技术选型上，Tekton 成了首选。它作为 Kubernetes 原生的 CI/CD 框架，其 Task, Pipeline, Workspace 的设计理念与我们的需求高度契合。Workspace 可以通过 PersistentVolumeClaim (PVC) 实现，这为解决跨 Task 运行的缓存问题提供了直接且可靠的方案。Gatsby 本身对构建缓存有良好的支持，只要我们能持久化 .cache 和 public 目录，就能获得显著的速度提升。

架构设计与流水线规划

我们的目标是设计一个 Tekton Pipeline，它能自动化地完成整个增量构建和部署流程。

整个流水线的核心逻辑可以分解为以下几个关键步骤（Tasks）：

clone-repo: 克隆代码仓库。
detect-changes: 这是流水线的大脑。该任务会比较当前 HEAD 与上一次成功构建的 commit SHA，计算出哪些微前端（即 packages/* 目录）发生了变更，并将结果输出。
restore-cache: 在安装依赖和构建之前，从 PVC 支持的 Workspace 中恢复 node_modules 和各个微前端的历史缓存。
pnpm-install: 安装所有依赖。由于缓存的存在，这个过程会非常快。
build-and-deploy: 这是一个并行执行的任务。基于 detect-changes 的输出，为每一个需要构建的微前端启动一个任务实例。每个实例负责运行 gatsby build 并将构建产物上传到对象存储。
update-cache: 构建成功后，将最新的 node_modules 和已构建站点的缓存目录写回到 PVC 中，供下次使用。

为了可视化这个流程，我们可以使用 Mermaid.js 来描绘这个 Pipeline 的结构。

graph TD
    A[Start] --> B(clone-repo);
    B --> C(detect-changes);
    C --> D(restore-cache);
    D --> E(pnpm-install);
    E --> F{Changed Micro-frontends?};
    F -- Yes --> G(Matrix: Parallel build-and-deploy);
    F -- No --> I(End);
    G --> H(update-cache);
    H --> I;

核心 Task 实现

在真实项目中，配置的健壮性至关重要。下面是几个核心 Task 的 YAML 定义，包含了生产环境中必要的细节和注释。

Task 1: `detect-changes`

这是整个流水线中最关键的自定义任务。它的逻辑是：获取上一次成功运行的 commit hash（我们可以将其存储在 ConfigMap 或一个特定的 git tag 中），然后与当前 commit 进行 git diff，最终输出一个 JSON 数组，其中包含所有发生变更的微前端包名。

apiVersion: tekton.dev/v1beta1
kind: Task
metadata:
  name: detect-changes
spec:
  description: >-
    Detects which Gatsby micro-frontend packages have changed since the
    last successful build commit.
  workspaces:
    - name: source
      description: The workspace containing the cloned git repository.
  params:
    - name: last-success-commit
      type: string
      description: "The commit SHA of the last successful pipeline run."
    - name: base-branch
      type: string
      description: "The base branch to compare against, e.g., main."
      default: "main"
  results:
    - name: changed-packages
      description: "A JSON array of package names that have changed."
    - name: has-changes
      description: "A string 'true' or 'false' indicating if there are any changes."
  steps:
    - name: detect
      image: alpine/git:v2.36.1
      workingDir: $(workspaces.source.path)
      script: |
        #!/bin/sh
        set -e
        echo "Comparing HEAD with last successful commit: $(params.last-success-commit)"

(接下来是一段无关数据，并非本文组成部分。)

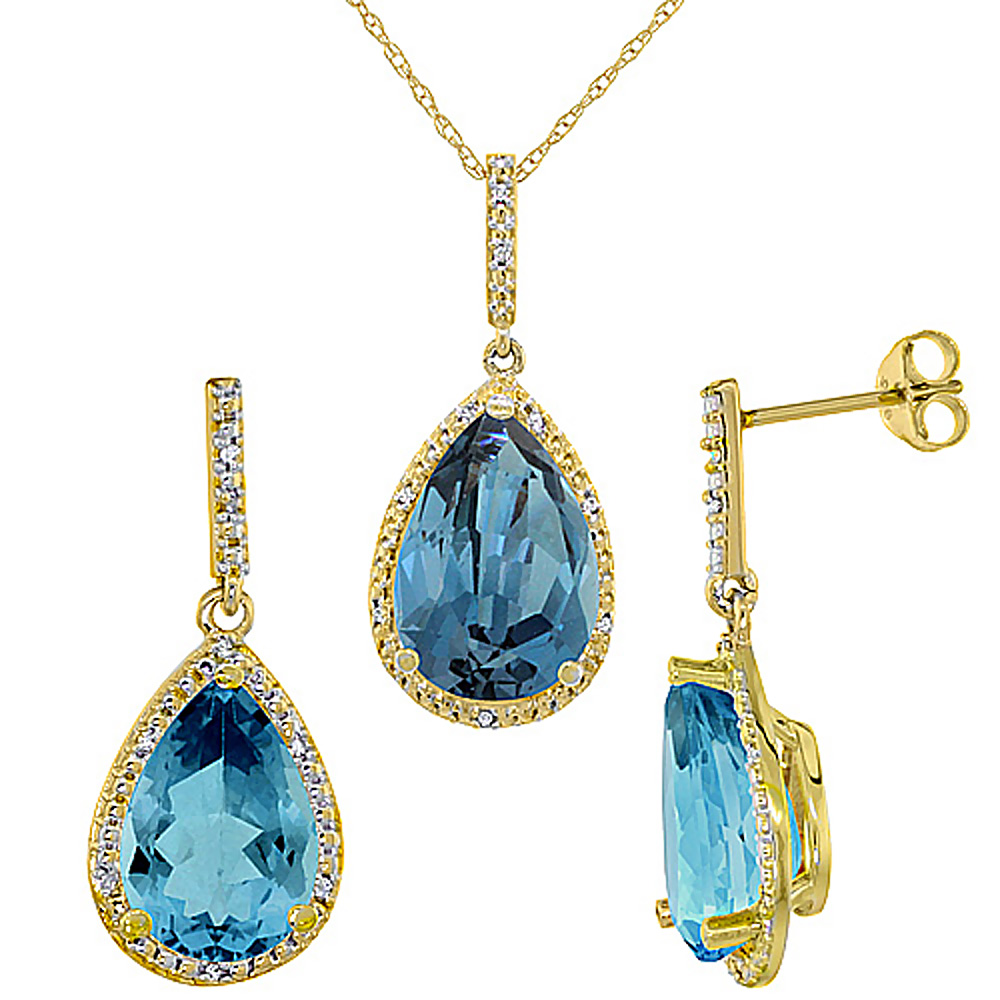 10K Yellow Gold Diamond Natural London Blue Topaz Earrings Necklace Set PearShaped 12x8mm&15x10mm,18 inch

        # In a real scenario, you'd fetch the base branch to ensure the commit is available
        git fetch origin $(params.base-branch)

        # Check if last-success-commit is empty or doesn't exist, if so, build all
        if [ -z "$(params.last-success-commit)" ] || ! git cat-file -e $(params.last-success-commit)^{commit}; then
          echo "Last successful commit not found or invalid. Building all packages."
          # List all directories under packages/ as potential micro-frontends
          PACKAGES=$(find packages -mindepth 1 -maxdepth 1 -type d -exec basename {} \; | jq -R . | jq -s .)
        else
          # Find files changed between the last successful commit and HEAD
          CHANGED_FILES=$(git diff --name-only $(params.last-success-commit)..HEAD)
          
          # A common pitfall is not handling changes in root-level shared files (e.g., pnpm-lock.yaml, tsconfig.json).
          # If root files change, we must rebuild everything.
          ROOT_CHANGES=$(echo "${CHANGED_FILES}" | grep -v '^packages/' || true)

          if [ -n "${ROOT_CHANGES}" ]; then
            echo "Root level files changed. Rebuilding all packages."
            echo "${ROOT_CHANGES}"
            PACKAGES=$(find packages -mindepth 1 -maxdepth 1 -type d -exec basename {} \; | jq -R . | jq -s .)
          else
            # Filter for changes within the 'packages' directory and extract the package name
            PACKAGES=$(echo "${CHANGED_FILES}" | grep '^packages/' | sed -E 's|packages/([^/]+)/.*|\1|' | sort -u | jq -R . | jq -s .)
          fi
        fi
        
        echo "Changed packages: ${PACKAGES}"
        
        # Output the results for Tekton
        if [ "${PACKAGES}" = "[]" ]; then
          echo -n "false" | tee $(results.has-changes.path)
        else
          echo -n "true" | tee $(results.has-changes.path)
        fi
        echo -n "${PACKAGES}" | tee $(results.changed-packages.path)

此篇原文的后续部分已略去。